You can also broadcast arrays across more than one axis:

arr1 = np.array([[1], [2], [3]]) # Shape (3, 1)
arr2 = np.array([10, 20, 30]) # Shape (3,)
# Broadcasting over multiple axes
result = arr1 * arr2
print(result)

2. Vectorization for Speed

Vectorization refers to expressing operations in terms of array operations rather than loops. This takes advantage of NumPy’s optimized C code, resulting in significant speed-ups.

Example:

# Using loops (slow)
arr = np.arange(1e6)
squared = np.empty_like(arr)
for i in range(arr.size):
squared[i] = arr[i] ** 2
# Vectorized operation (fast)
squared_vec = arr ** 2

Why it’s faster: NumPy arrays are stored in contiguous memory blocks, allowing efficient processing in compiled C code. Avoiding Python loops also reduces overhead.


3. Advanced Array Manipulation

3.1 np.newaxis for Adding Dimensions

You can add dimensions to an array using np.newaxis (or None), which is helpful when reshaping arrays for broadcasting.

arr = np.array([1, 2, 3])
# Add a new axis to make it a column vector
arr_col = arr[:, np.newaxis]
print(arr_col) # Shape (3, 1)

3.2 Fancy Indexing

Fancy indexing allows for selecting arbitrary elements from an array based on lists or other arrays.

arr = np.array([10, 20, 30, 40, 50])
# Using a list to index
indices = [0, 2, 4]
print(arr[indices]) # Output: [10 30 50]

3.3 Boolean Masking

You can use boolean arrays to filter or modify elements.

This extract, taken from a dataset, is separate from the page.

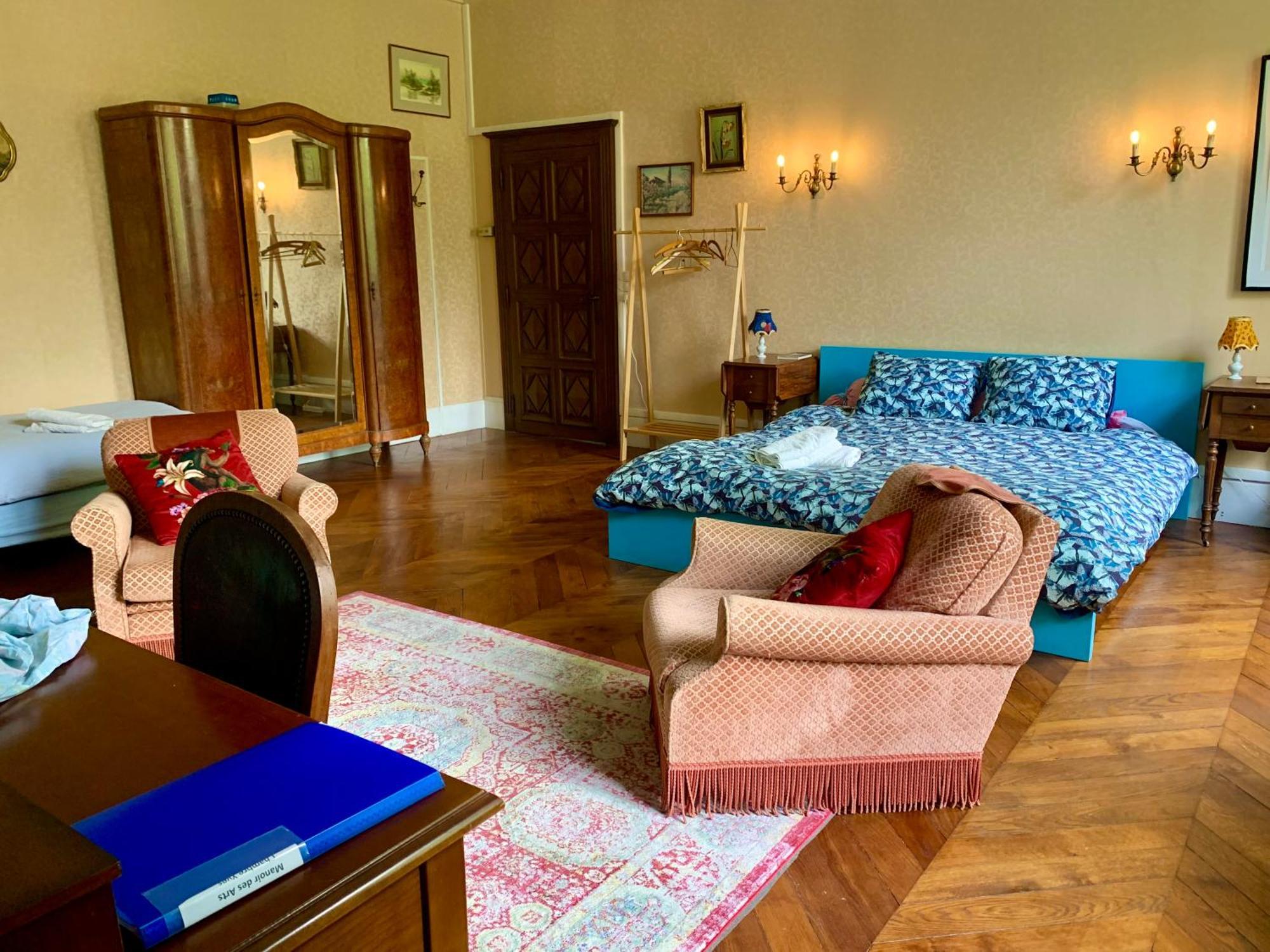 Bed and Breakfast Yxie - Manoir Des Arts Villeblevin Habitación foto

arr = np.array([10, 20, 30, 40, 50])
# Mask for values greater than 30
mask = arr > 30
print(arr[mask]) # Output: [40 50]

4. Memory Layout of Arrays

Understanding memory layout is crucial for optimizing performance.

4.1 Strides and Views

Arrays in NumPy share memory via views. A stride is the number of bytes to step in each dimension when traversing an array.

Example:

arr = np.array([[1, 2, 3], [4, 5, 6]])
# Create a view
view = arr[:, :2]
# Check strides (step size for each axis in memory)
print(arr.strides) # Stride (16, 8) -> (row, column)
print(view.strides) # View has similar strides

4.2 Changing Memory Layout: C vs. F Order

NumPy arrays can be stored in row-major (C) or column-major (F) order. You can transpose arrays without copying memory.

arr = np.ones((3, 3), order='F') # Column-major order
print(arr.flags['C_CONTIGUOUS']) # False (not row-major)
print(arr.flags['F_CONTIGUOUS']) # True (column-major)

5. Structured Arrays

You can create structured arrays in NumPy that store heterogeneous data types. This is useful for datasets where each row contains different types of data (like a database).

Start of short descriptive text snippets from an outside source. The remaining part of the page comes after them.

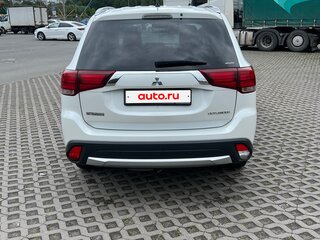 2015 Mitsubishi Outlander III Рестайлинг 2, белый, 1750000 рублей, вид 5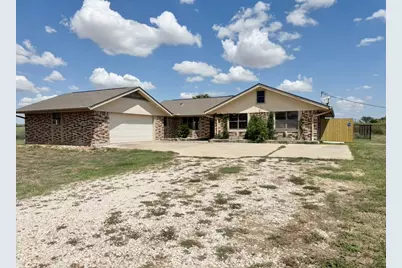 18512 Carlson Lane, Elgin, TX 78621 - Photo 2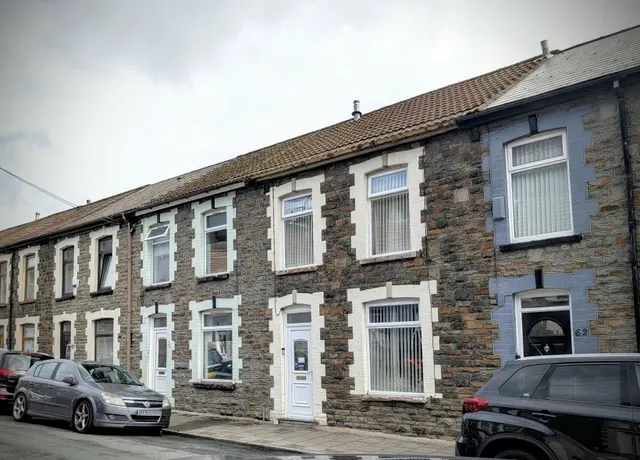 South Street, Porth, CF39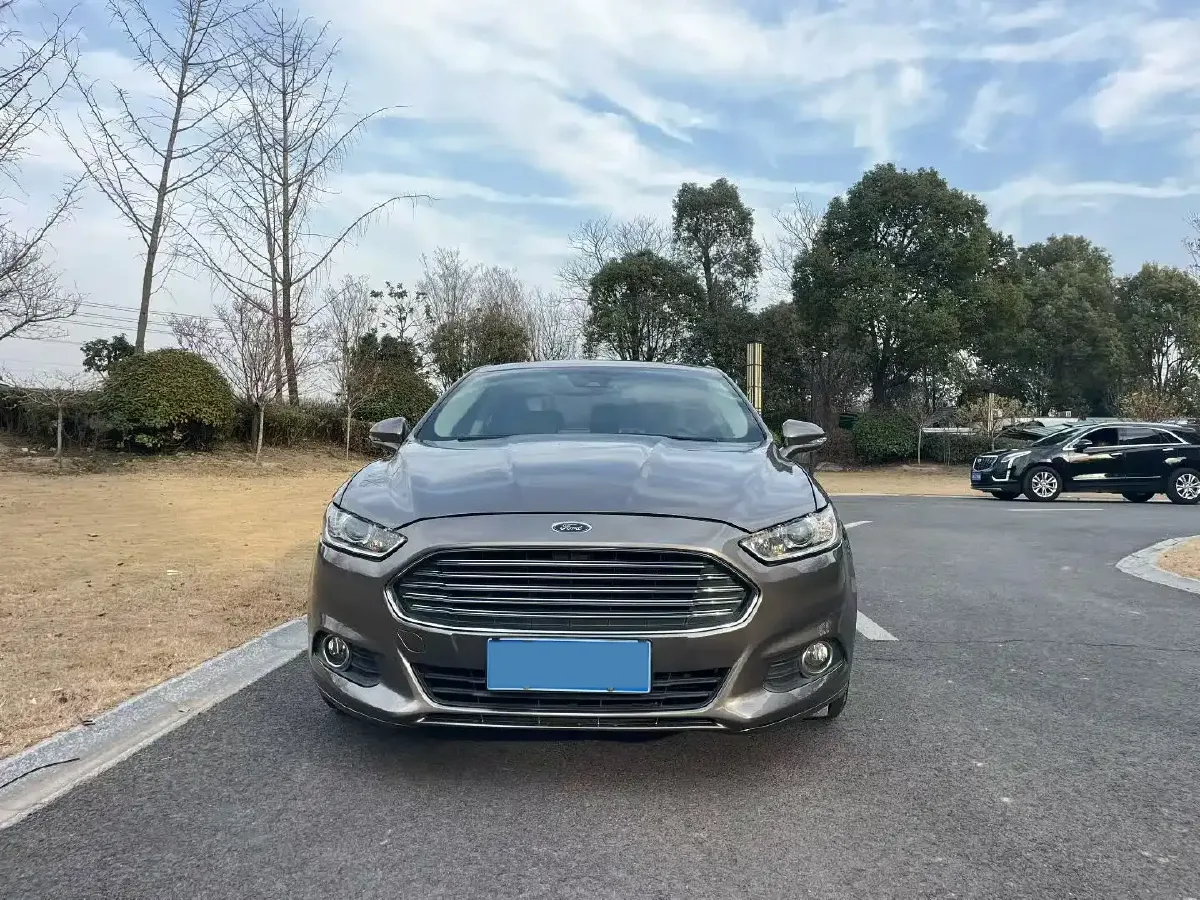 2013 Ford Mondeo 1.5T 181HP L4 6AT,autocango,china used car exporter,china ev exporter,chinese used car exporter,chinese used ev exporter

dtype = [('name', 'S10'), ('age', 'i4'), ('weight', 'f4')]
data = np.array([('Alice', 25, 55.0), ('Bob', 30, 85.5)], dtype=dtype)
# Accessing fields
print(data['name'])

6. NumPy and Linear Algebra

6.1 Eigenvalues and Eigenvectors

You can compute eigenvalues and eigenvectors using np.linalg.eig().

A = np.array([[1, 2], [2, 3]])
# Eigenvalues and eigenvectors
eigenvalues, eigenvectors = np.linalg.eig(A)
print("Eigenvalues:", eigenvalues)
print("Eigenvectors:", eigenvectors)

6.2 Singular Value Decomposition (SVD)

SVD decomposes a matrix into three other matrices and is useful in signal processing, data compression, and machine learning.

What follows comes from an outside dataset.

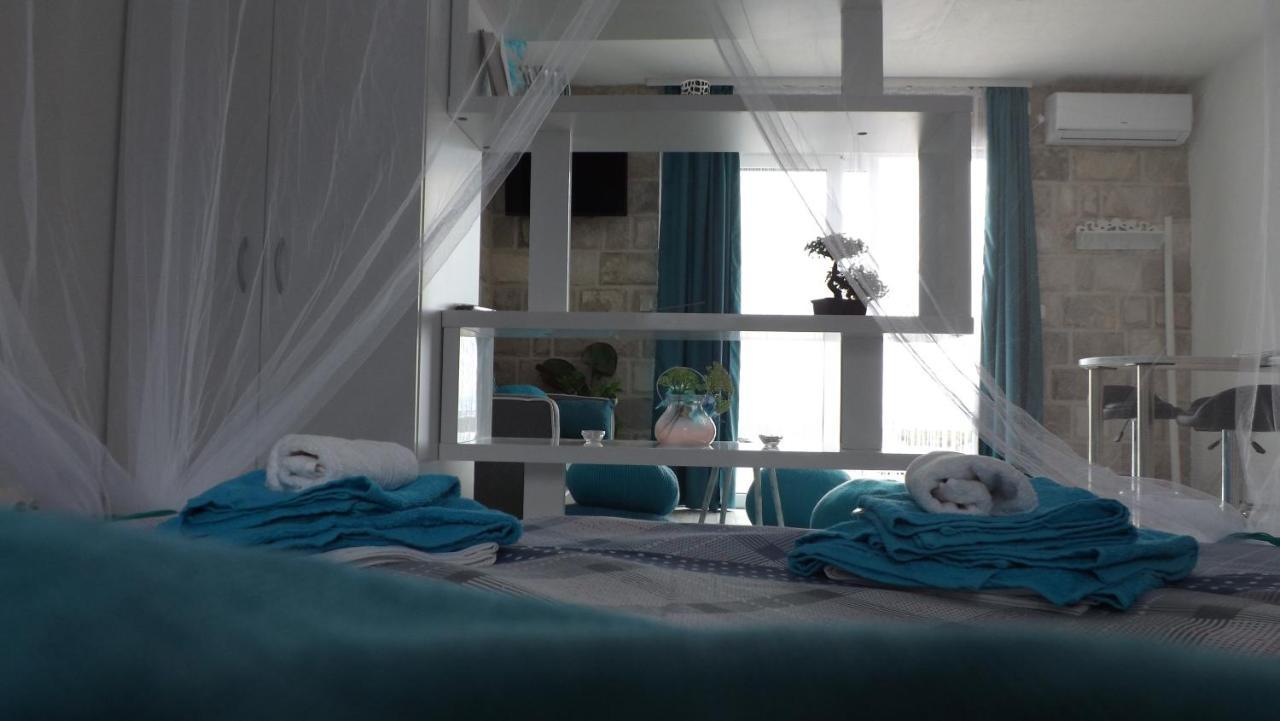Lustica Apartments ภายนอก รูปภาพ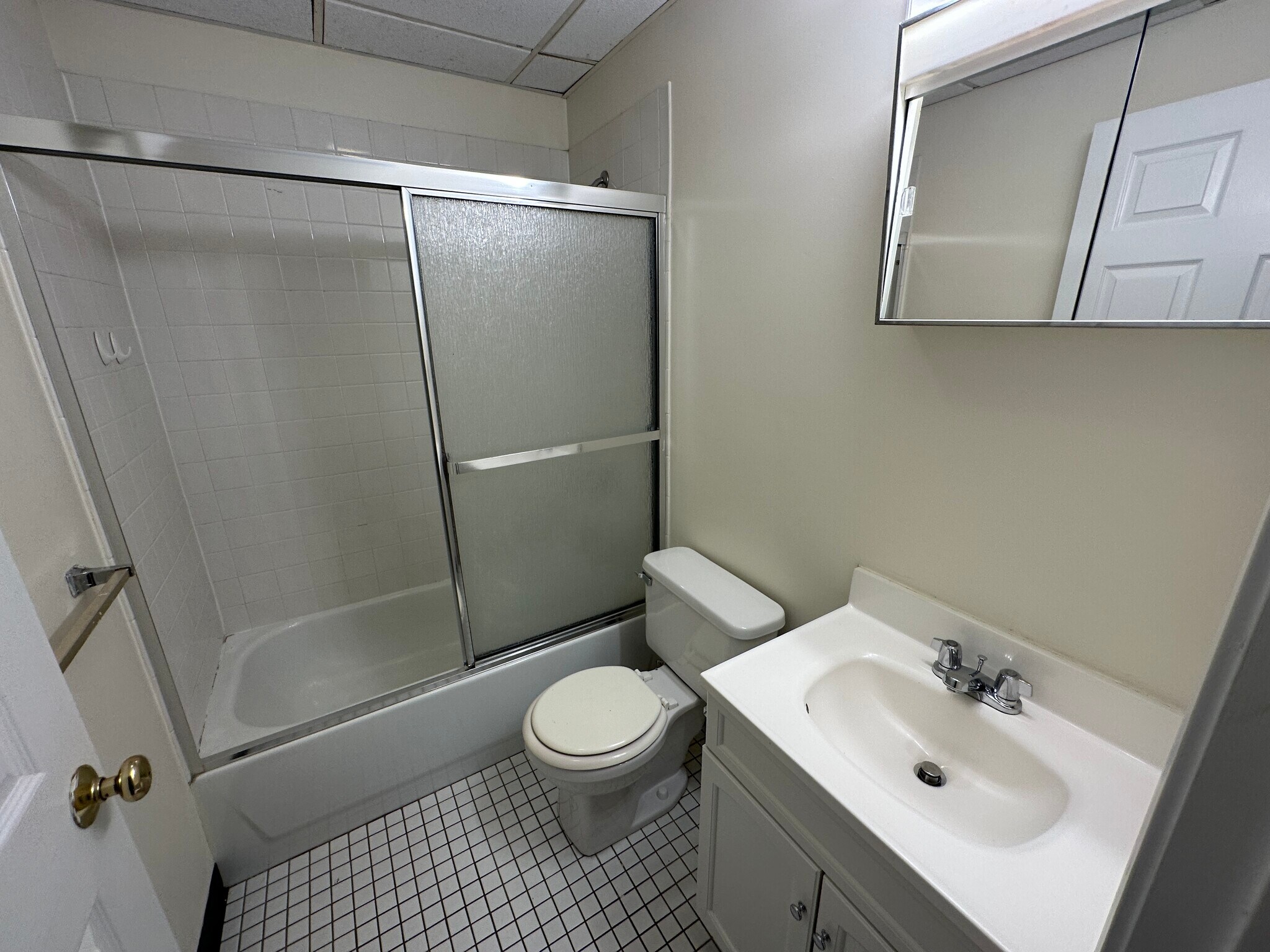 Building Photo - 68 Essex St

A = np.array([[1, 2], [2, 3], [3, 4]])
# SVD
U, s, Vt = np.linalg.svd(A)
print("U matrix:", U)
print("Singular values:", s)
print("Vt matrix:", Vt)

7. Broadcasting Rules for Advanced Use Cases

When working with arrays of different shapes, remember the broadcasting rules:

  1. Compare the shapes element-wise, starting from the trailing dimension.
  2. The dimensions are compatible if they are equal, or one of them is 1.

Example of a more complex broadcasting:

arr1 = np.ones((3, 1, 4))
arr2 = np.ones((1, 5, 4))
# Broadcasting allows element-wise operations even with different shapes
result = arr1 + arr2
print(result.shape) # Shape (3, 5, 4)

8. Optimizing Memory and Performance

8.1 Avoiding Copies

NumPy tries to avoid copies whenever possible. Using views instead of copies reduces memory overhead.

arr = np.arange(10)
# Create a view (no memory copy)
view = arr[::2]
# Modify the view
view[0] = 100
print(arr) # The original array is modified

8.2 In-place Operations

You can use in-place operations to modify arrays without creating new ones, reducing memory usage.

arr = np.array([1, 2, 3])
# In-place addition
arr += 10
print(arr) # Output: [11 12 13]

9. Using np.vectorize() for Function Broadcasting

You can use np.vectorize() to apply a function to arrays in an element-wise fashion, even if the function doesn’t support broadcasting natively.

def custom_func(x):
return x ** 2 + 2
vectorized_func = np.vectorize(custom_func)
# Apply the vectorized function to a NumPy array
arr = np.array([1, 2, 3])
result = vectorized_func(arr)
print(result) # Output: [3 6 11]

Key Takeaways for Advanced NumPy:

  • Broadcasting: A powerful tool for operating on arrays of different shapes.
  • Memory Efficiency: Learn how to use views, in-place operations, and avoid unnecessary copies.
  • Linear Algebra: Built-in support for complex matrix operations like eigenvalues, SVD, etc.
  • Vectorization: Write efficient code by avoiding loops and using NumPy’s internal optimizations.
  • Structured Arrays: Handle heterogeneous datasets effectively.

This advanced tutorial helps you dive deeper into NumPy’s full capabilities, focusing on efficient memory usage, performance optimization, and leveraging NumPy for more complex mathematical operations.